A popularidade dos chatbots de IA para questões de saúde está crescendo, mas a qualidade das informações fornecidas gera preocupações. O diretor médico da Inglaterra, Chris Whitty, alertou que as respostas da IA muitas vezes não são suficientemente boas e podem ser apresentadas com convicção, mas erradas.
Pesquisadores da Universidade de Oxford conduziram um estudo que revelou que, em cenários onde os chatbots receberam informações completas, a precisão foi de 95%. Contudo, quando 1,3 mil pessoas interagiram com os chatbots para diagnósticos, a precisão caiu para 35%, indicando que a interação humana pode comprometer a qualidade das respostas.
A clínica geral Margaret McCartney, de Glasgow, destacou que existe uma diferença entre a interação com chatbots e a pesquisa tradicional na internet, onde os usuários podem avaliar a confiabilidade das informações.

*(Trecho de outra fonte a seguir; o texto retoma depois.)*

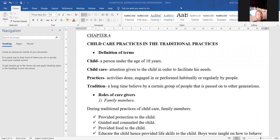My name is Isigi and I would like us to proceed with today's lesson. Welcome to chapter four of foundation management and administration of ECD in Kenya. Chapter four will be on child care practices in the traditional Africa and in the traditional setup.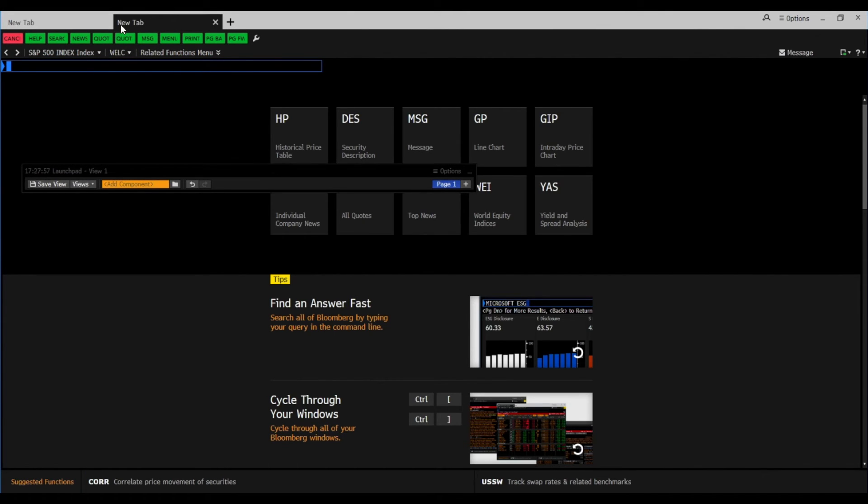If you now have a better overview of the Bloomberg terminal, please leave a like, comment below, and subscribe for more useful Bloomberg content. Thanks a lot and see you next time.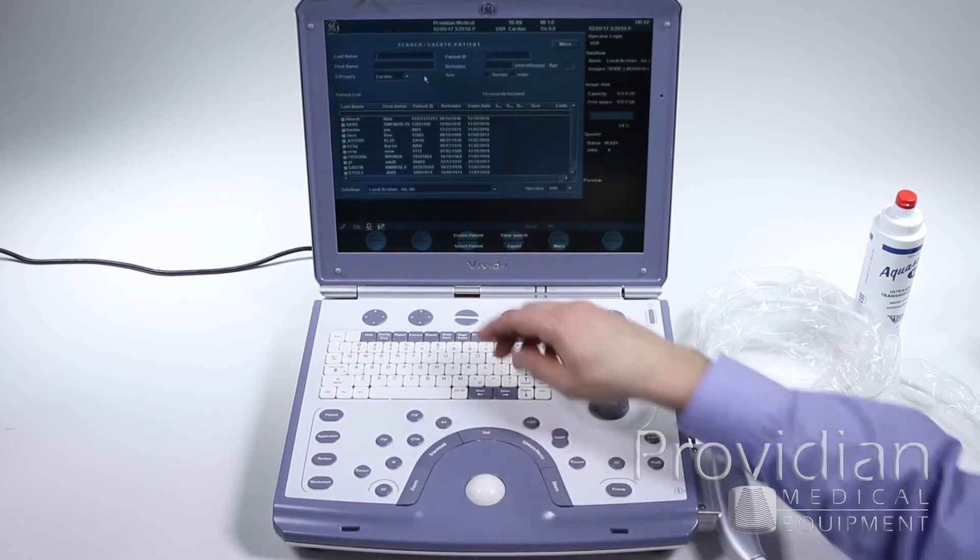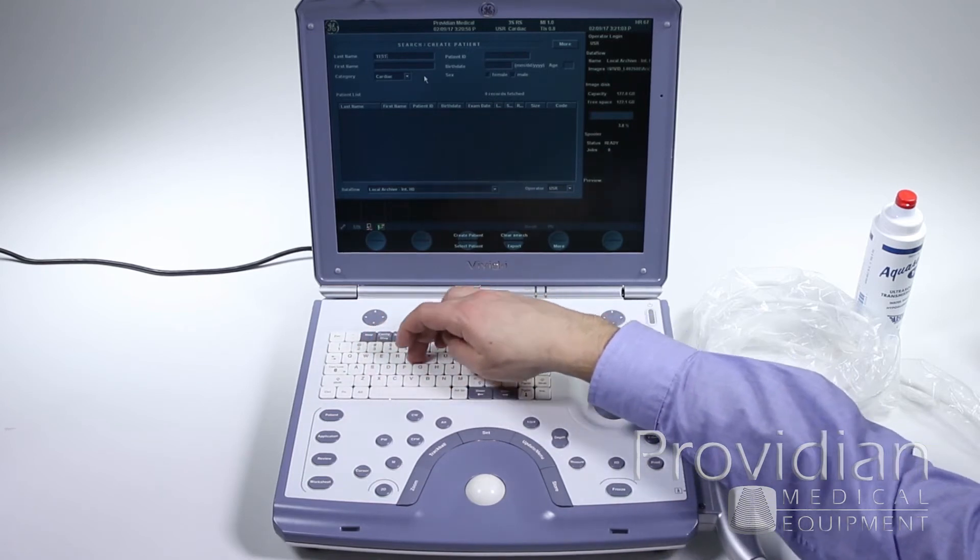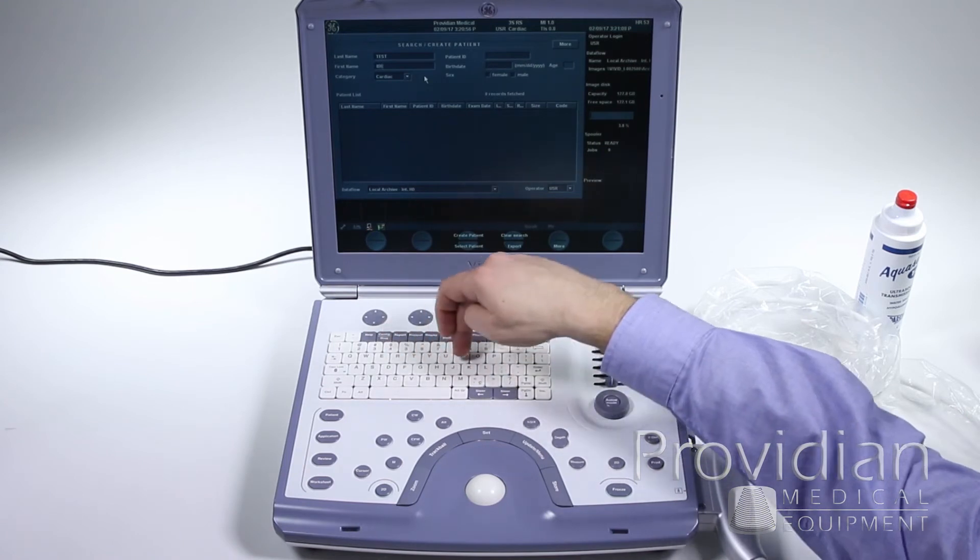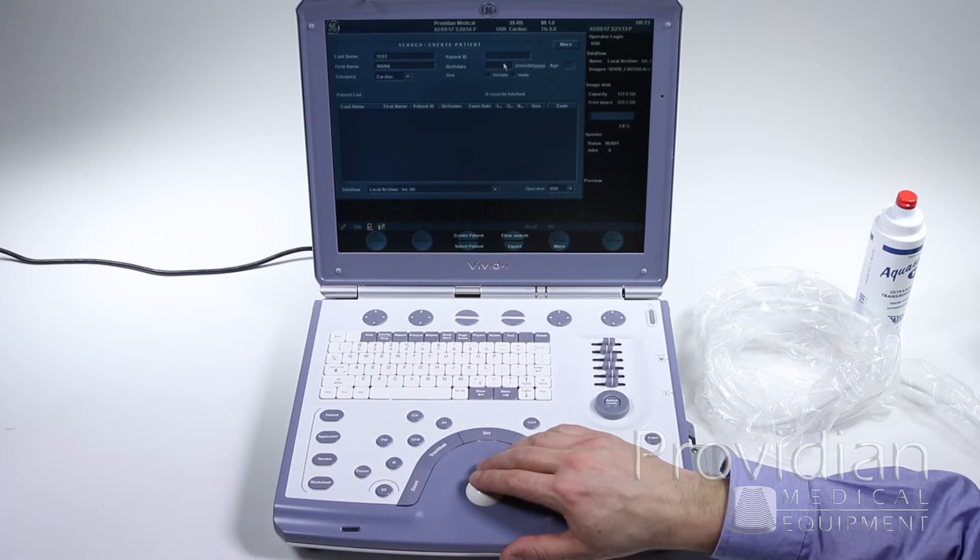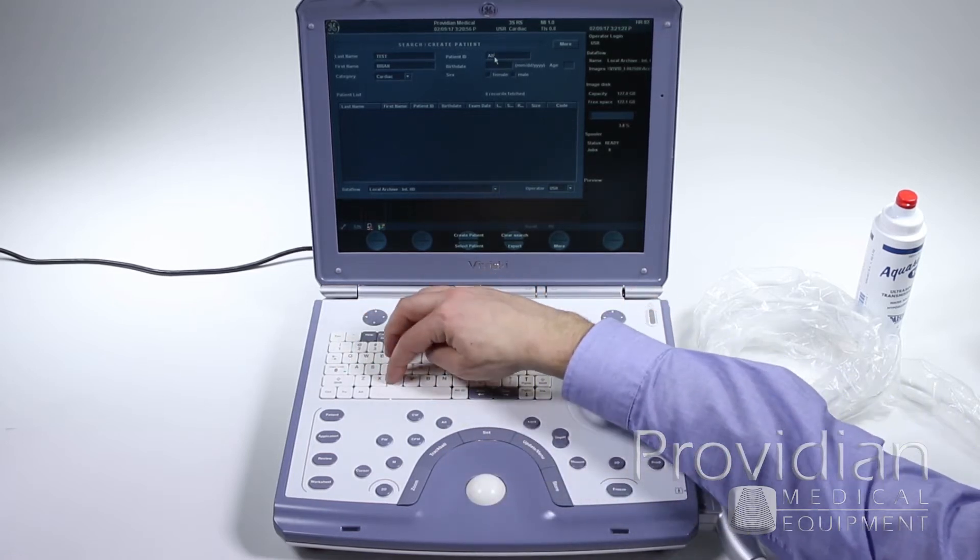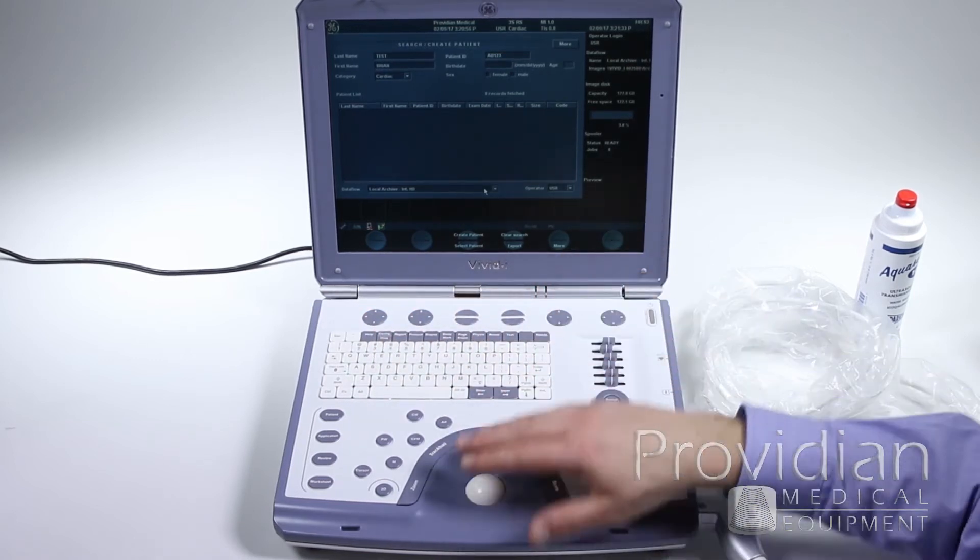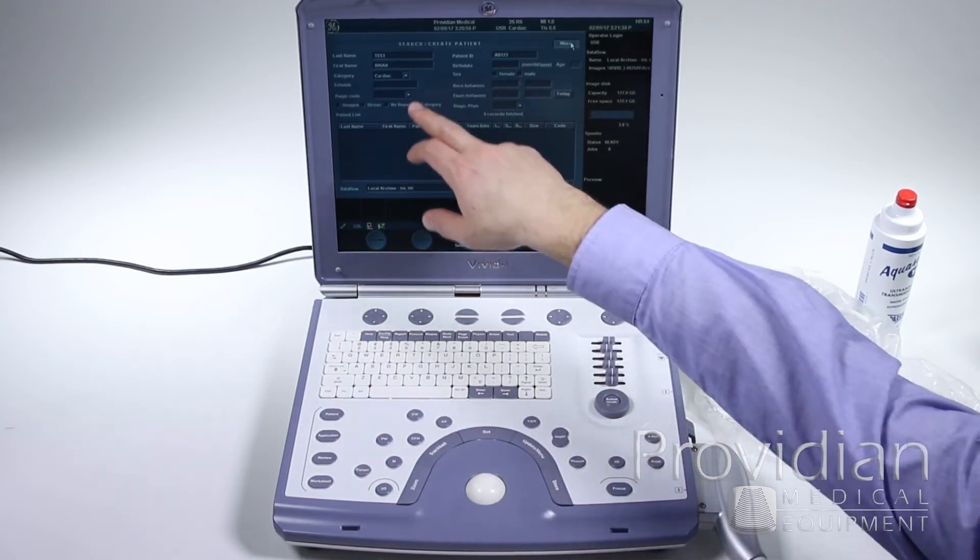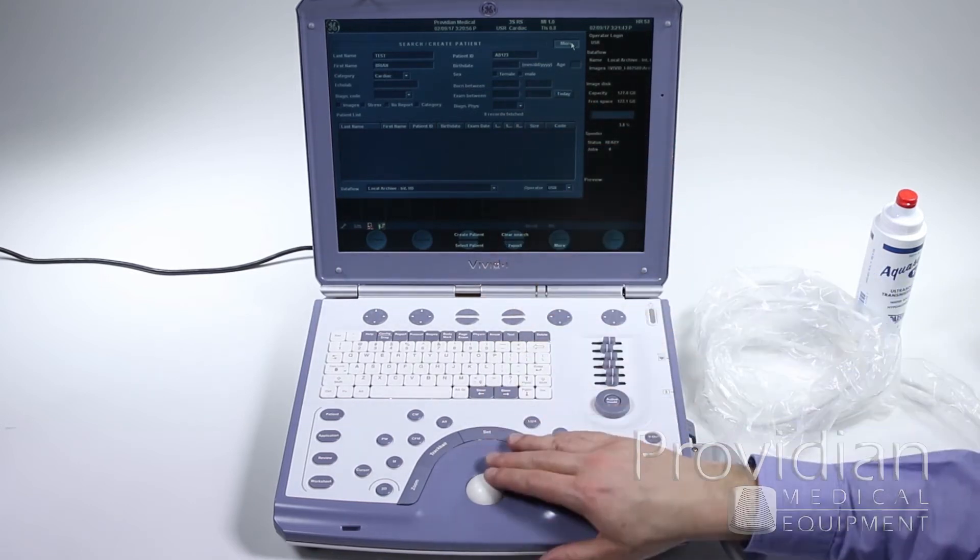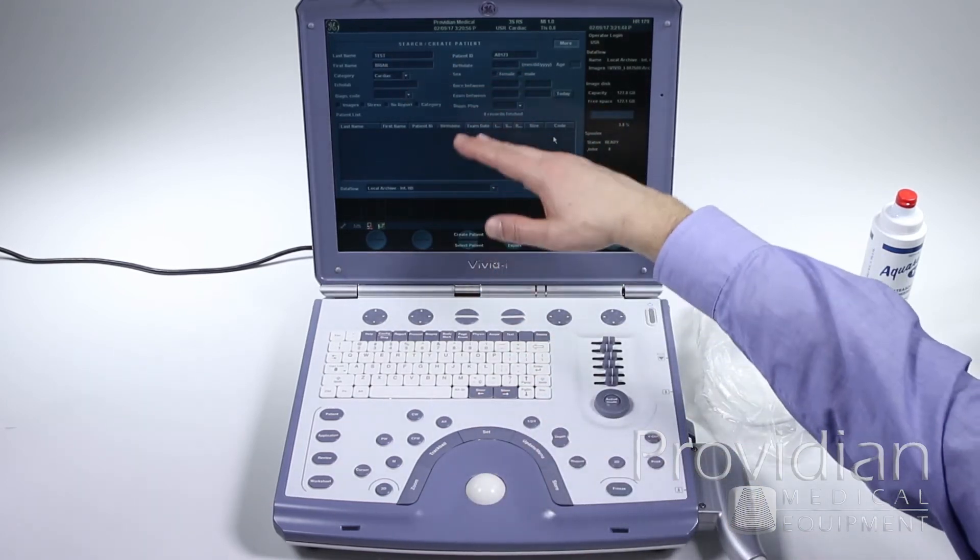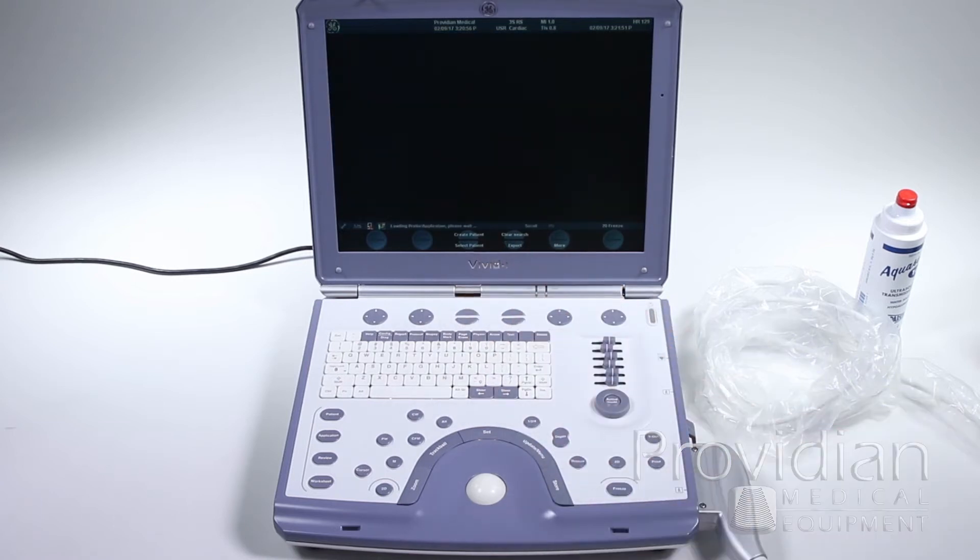I'll just type in some test information. Test, and I can tab to the next and say Brian. It'll ask me for a patient ID. I'm just going to go ABC one, two, three. Now I can go ahead and click create patient. There's also some more things here. If you want to click on more, if you're searching for a patient, there's some ways that you can search: born between, when you created the exam, the physician, and then it'll get all the people that way. But if you've typed in the information there, nothing will show up unless it's a previous patient. So I'm going to go ahead and create that patient and I'm ready to begin scanning.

Além disso, um estudo do Instituto Lundquist de Inovação Biomédica revelou que mais da metade das respostas dos chatbots testados apresentaram problemas, incluindo desinformação sobre tratamentos de câncer.
Nicholas Tiller, pesquisador, enfatizou que os chatbots transmitem um senso de credibilidade, o que pode levar os usuários a confiar nas respostas sem questionar. A OpenAI, empresa responsável pelo ChatGPT, reconheceu a importância de fornecer informações de saúde confiáveis e seguras, mas alertou que o chatbot deve ser utilizado para informação e educação, não como substituto da assistência médica profissional.
Abi continua a usar chatbots de IA, mas recomenda cautela e ressalta que as respostas devem ser analisadas criticamente, pois ‘ele entende errado as coisas’.